▶ SOURCE DATA:
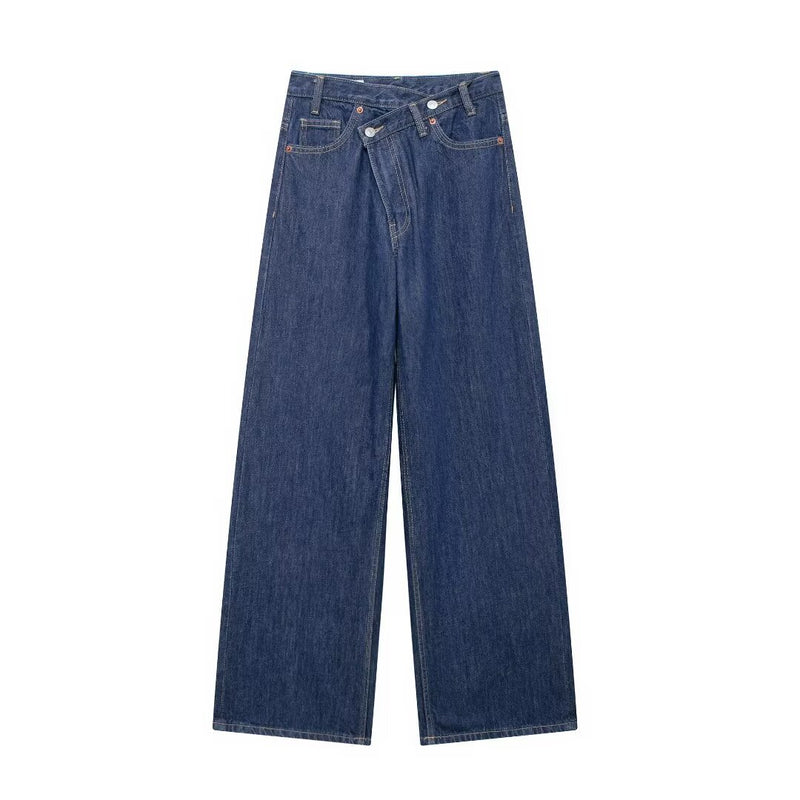 Sophisticated Garment with a Clean Classic Look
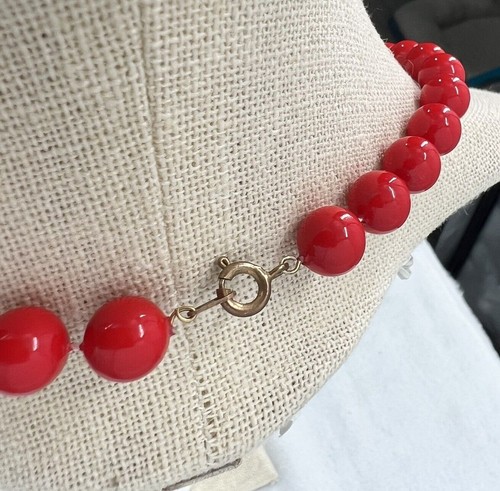 Vintage Plastic Red Beaded Retro 11" Necklace Costume Jewelry Hand Knotted - Picture 3 of 5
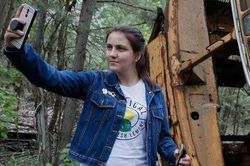 Du khách đổ xô đến thành phố bị nhiễm phóng xạ ở Ukraine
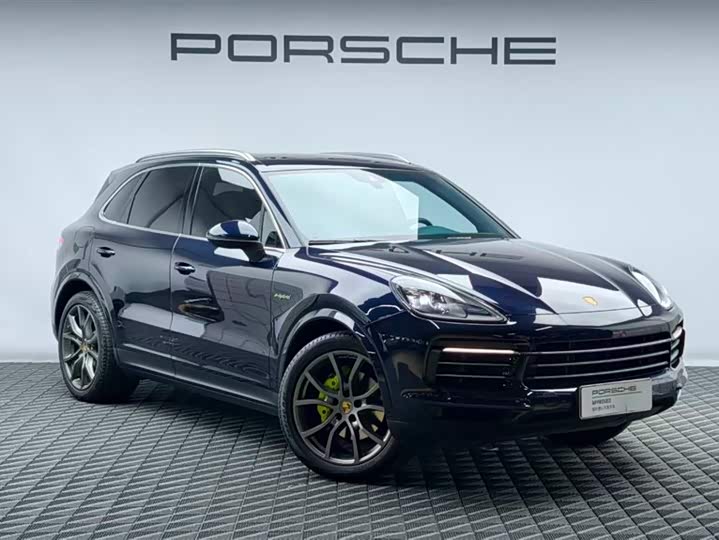 Фото 3 - Porsche Cayenne Hybrid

▶ TASK TO CARRY OUT: Without the pictures, retype all of the data above exactly.

▶ OUTPUT BELOW:
 Sophisticated Garment with a Clean Classic Look
 Vintage Plastic Red Beaded Retro 11" Necklace Costume Jewelry Hand Knotted - Picture 3 of 5
 Du khách đổ xô đến thành phố bị nhiễm phóng xạ ở Ukraine
 Фото 3 - Porsche Cayenne Hybrid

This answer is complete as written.